Underdiagnosis (false negative rate) and overdiagnosis (false positive rate) rates in each sex, ethnoracial, and insurance subgroup, when using random forest classifier to predict the composite heart failure outcome.

The results in Table 4 validate our hypothesis that the integration of SDOH variables were able to mitigate algorithmic bias of ML classifiers. Specifically, 15 out of 16 SDOH integrated configurations reduced the racial disparities. Notably, inclusion of all SDOH improved demographic parity ratio more than 5 percent, and percent non-Hispanic Black improved equalized odds ratio up to 6 percent. In addition, no variables demonstrated performance deterioration when evaluated by AUC and recall and examined by the McNemar’s test. In addition, the under-diagnosis difference between White and Black patients was 2.3% before the integration of all SDOH variables and was reduced to 1.3% after the integration. Similarly, the over-diagnosis difference dropped from 0.047 to 0.007 after the integration of SDOH variables. Visualization comparisons of how under- and over- diagnosis rate were impacted by the integration of SDOH variables can be found in Figure S2.

Table 4.

The impact of fairness and performance when integrating each SDOH variables into the feature space of random forest classifier. Each integrated model was compared to the baseline model (the model without any SDOH integrated). McNemar’s test was also used to compare the difference of proportion of errors between the baseline and the SDOH integrated models. The fairness score is underlined if we observe improvement on fairness when compared with the baseline model. The highest score for each metric is bold.

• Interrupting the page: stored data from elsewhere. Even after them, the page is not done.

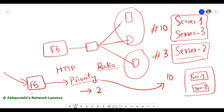Server two will be sitting on standby. You might have a requirement to keep the third server in standby — for example, if server two's hardware is lower-end compared to server one and server three. Server one and server three are beefy servers, while server two is not as high-end based on hardware.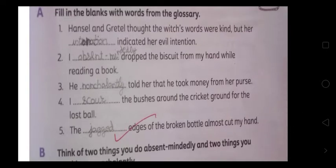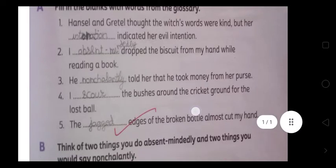Hansel and Gretel thought which words were kind, but her blank indicated her evil intention — meaning her words appeared kind but her true intention was evil.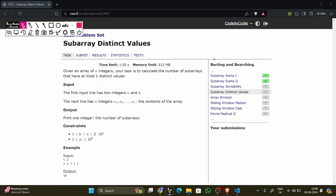Hello everyone, today we are seeing the subarray distinct values problem from the CSS problem set. In this problem we have given an integer array and a task to calculate the number of subarrays that have at most k distinct values.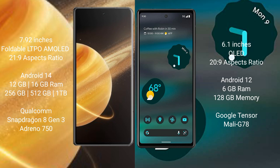Honor Magic V3 runs on Android 14 operating system. Google Pixel 6a runs on Android 12 operating system. Honor Magic V3 comes with 12GB, 16GB RAM and 256GB, 512GB, 1TB internal storage.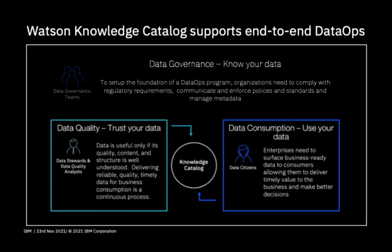Well, luckily for you, IBM's Watson Knowledge Catalog has addressed this problem and is an integrated and AI-enabled platform allowing end-to-end data ops and is a key component of the Cloud Pak for Data platform. In simple terms, Watson Knowledge Catalog can be split into three main areas: data governance, data quality, and data consumption.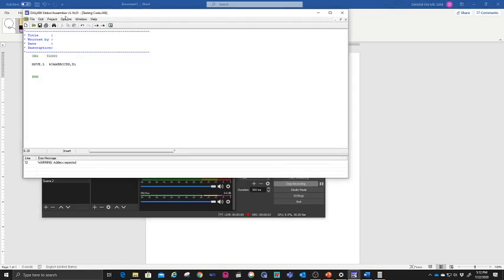We are going to continue on the programming. We are going to look at the syntax — very simple syntax first — and what happens when you compile it and later try it on the hardware itself.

Integrated Variables* Fairness
Performance
Demographic parity ratio Equalized odds ratio AUROC Recall p-Value
Baseline 0.828 0.826 0.680 0.654 1.000

fpl_100 0.851 0.845 0.682 0.656 0.952
sing_parent_fam 0.821 0.821 0.681 0.651 0.076
dropout 0.865 0.864 0.681 0.654 0.201
no_car 0.835 0.821 0.682 0.655 0.545
rent_occup 0.844 0.851 0.682 0.657 0.484
crowding 0.873 0.872 0.682 0.654 0.856
nonemp 0.833 0.831 0.681 0.655 0.349
unemp 0.841 0.838 0.681 0.656 0.951
highneeds 0.852 0.857 0.682 0.657 1.000
hisp 0.848 0.851 0.683 0.657 0.178
foreignb 0.845 0.845 0.683 0.655 0.114
black 0.866 0.885 0.682 0.653 0.551
SDI 0.855 0.865 0.680 0.654 0.879
ADInational 0.850 0.857 0.681 0.653 0.220
ADIstate 0.830 0.829 0.682 0.653 0.366
all SDOH 0.881 0.863 0.681 0.654 0.071
*

The abbreviated variable names were inherited from the original source of Social Deprivation Index database. For a detailed description of these variables, please refer Table 1.

4. Discussion

In real-world settings, under-diagnosis of heart failure may delay patients’ access to care and is associated with a higher risk of 30-day readmission 37,38whereas over-diagnosis of heart failure may result in inappropriate patient management 39. ML classifiers have frequently perpetuated these biases in diagnosis and may have contributed to confusion regarding racial and socioeconomic disparities. We observed that Female and Black patients were more likely to be under-diagnosed and less likely to be over-diagnosed by our classifiers when compared with Male and White patients. Medicare and Medicaid beneficiaries, many of whom may be socioeconomically disadvantaged, were at higher risk of being falsely predicted as having short-term hospitalization and would potentially receive less healthcare resources, when compared with private insured patients. In short, we found that ML algorithms selectively under-diagnosed under-served heart failure patients, such as Female and Black patients and patients of lower socioeconomic status. These sub-groups have higher rates of HF and poorer HF prognosis as shown in epidemiology studies 40. An ML algorithm that under diagnoses such patients would represent a “double jeopardy” to those under-served groups.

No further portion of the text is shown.